South African politician

Albert Mammoga "Nocks" Seabi (born 21 September 1962) is a South African politician from Limpopo. He has represented the African National Congress (ANC) in the National Assembly of South Africa since July 2018.

Before he joined the National Assembly, Seabi was the provincial secretary of the Limpopo ANC between February 2014 and June 2018. He was the chairperson of the Portfolio Committee on Police from September 2023 to May 2024.

==Early life and career==
Seabi was born on 21 September 1962. He rose to political prominence as a member of the African National Congress (ANC) in Limpopo.

He was appointed as the chief executive officer of the Limpopo Tourism Agency in 2012, but in October 2013 he was suspended with full pay pending an investigation into his alleged non-compliance with the Public Finance Management Act.

== ANC Provincial Secretary: 2014–2018 ==
In mid-February 2014, while still suspended from his job at the Limpopo Tourism Agency, Seabi attended the ANC's provincial elective conference at Turfloop, where he was elected as provincial secretary of the Limpopo branch of the ANC. He served under provincial chairperson Stan Mathabatha and was deputised by Makoma Makhurupetje. In his capacity as provincial secretary, he joined a 2015 political study tour to Shanghai, China, where the ANC delegation visited the Chinese Communist Party's China Executive Leadership Academy.

During his four-year term as provincial secretary, Seabi was accused on several occasions of using his administrative powers to interfere in internal elective processes.

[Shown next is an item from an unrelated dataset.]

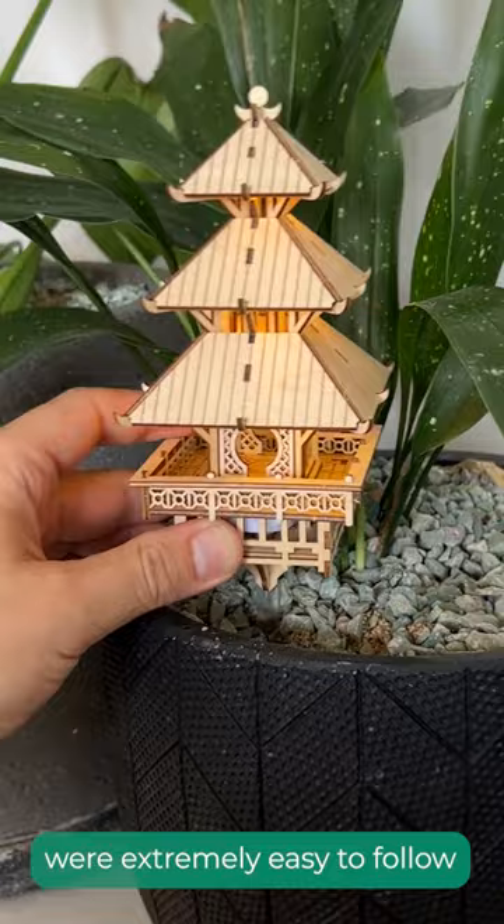I feel like this would make an amazing gift for anyone. I love how it looks in my plants and I can't wait to get more.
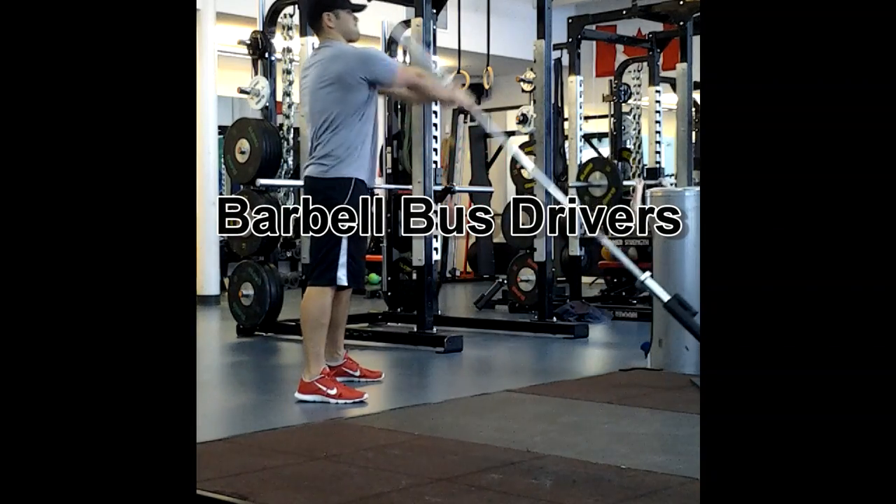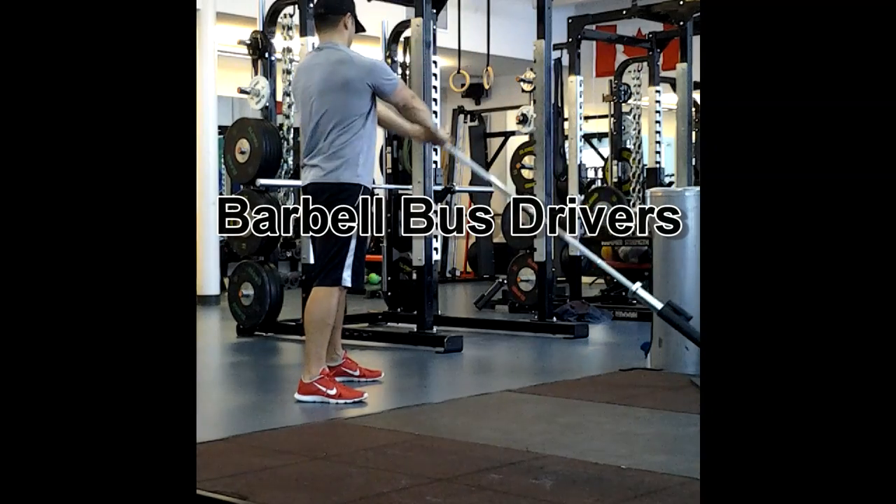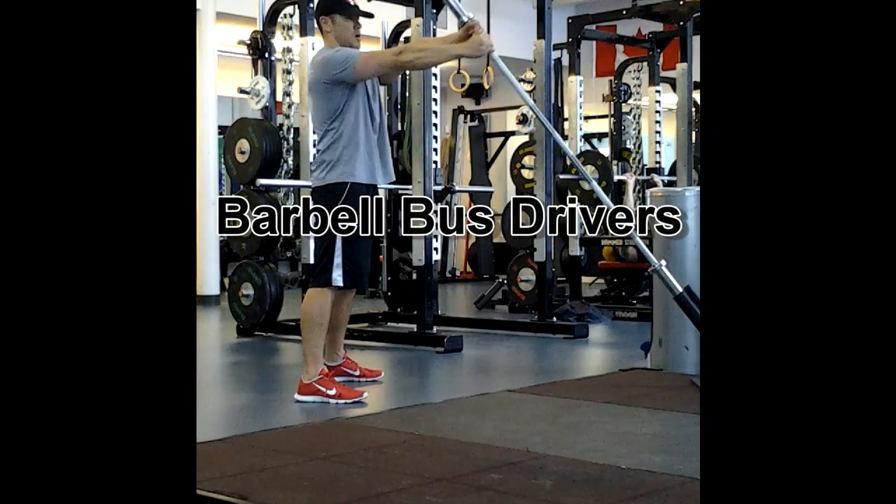Barbell bus drivers. If you have a grappler or a landmine, you're going to stick one end of the barbell in there. If not, try and pin it up in a squat cage, a bench, or a corner.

In December 2014, allegations of this kind led a group of ANC members, wearing panties on their heads, to chase Seabi out of a provincial conference of the ANC Women's League; on that occasion he was accused of manipulating the electoral process in favour of Joy Matshoge, who was standing against Maite Marutha for election as Women's League provincial chairperson. In November 2016, ANC members protested outside Seabi's office in connection with an upcoming election for the regional ANC leadership in Waterberg.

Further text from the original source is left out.